_Problem to solve_: Within the lines below, the span from the line with "Woman stands beside" to the line with "Sealed glass jar", both ends included, is to be reproduced exactly, with pictures omitted.

_Data provided_:
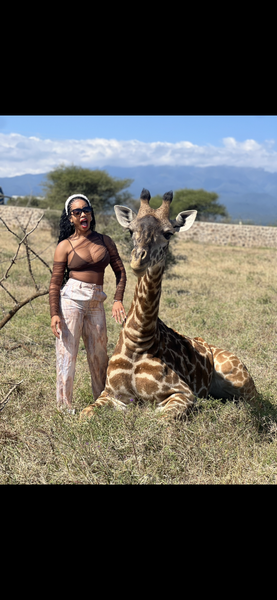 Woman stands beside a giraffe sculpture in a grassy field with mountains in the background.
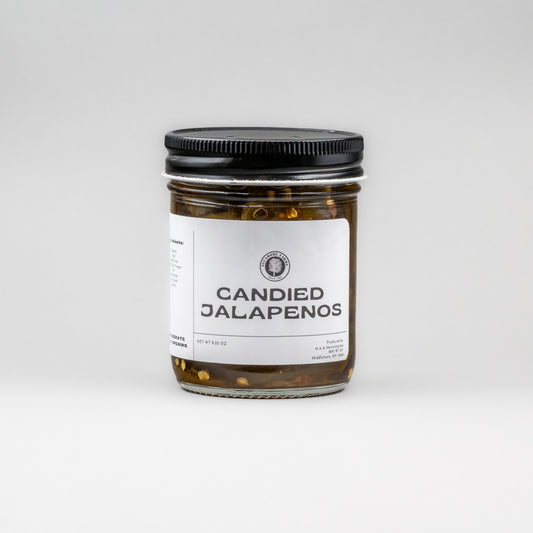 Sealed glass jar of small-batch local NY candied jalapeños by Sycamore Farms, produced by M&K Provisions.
* * *
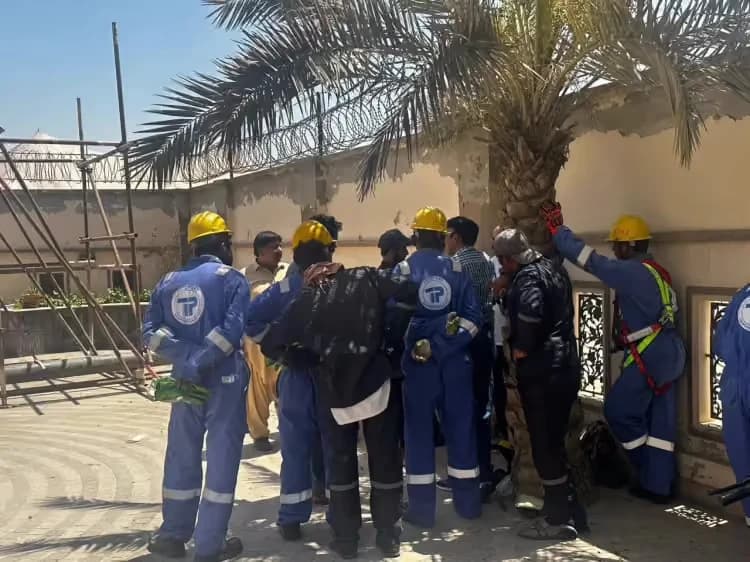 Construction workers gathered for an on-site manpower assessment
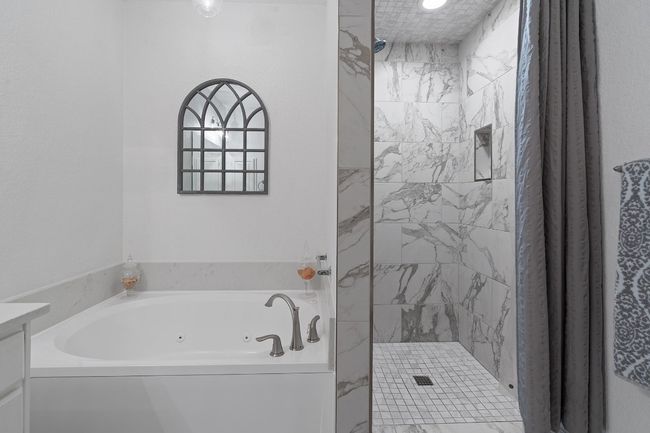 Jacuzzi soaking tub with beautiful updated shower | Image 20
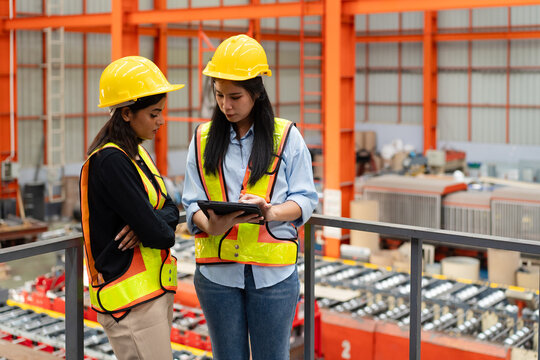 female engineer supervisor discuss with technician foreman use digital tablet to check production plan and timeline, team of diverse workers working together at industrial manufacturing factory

_Output below_:
 Woman stands beside a giraffe sculpture in a grassy field with mountains in the background.
 Sealed glass jar of small-batch local NY candied jalapeños by Sycamore Farms, produced by M&K Provisions.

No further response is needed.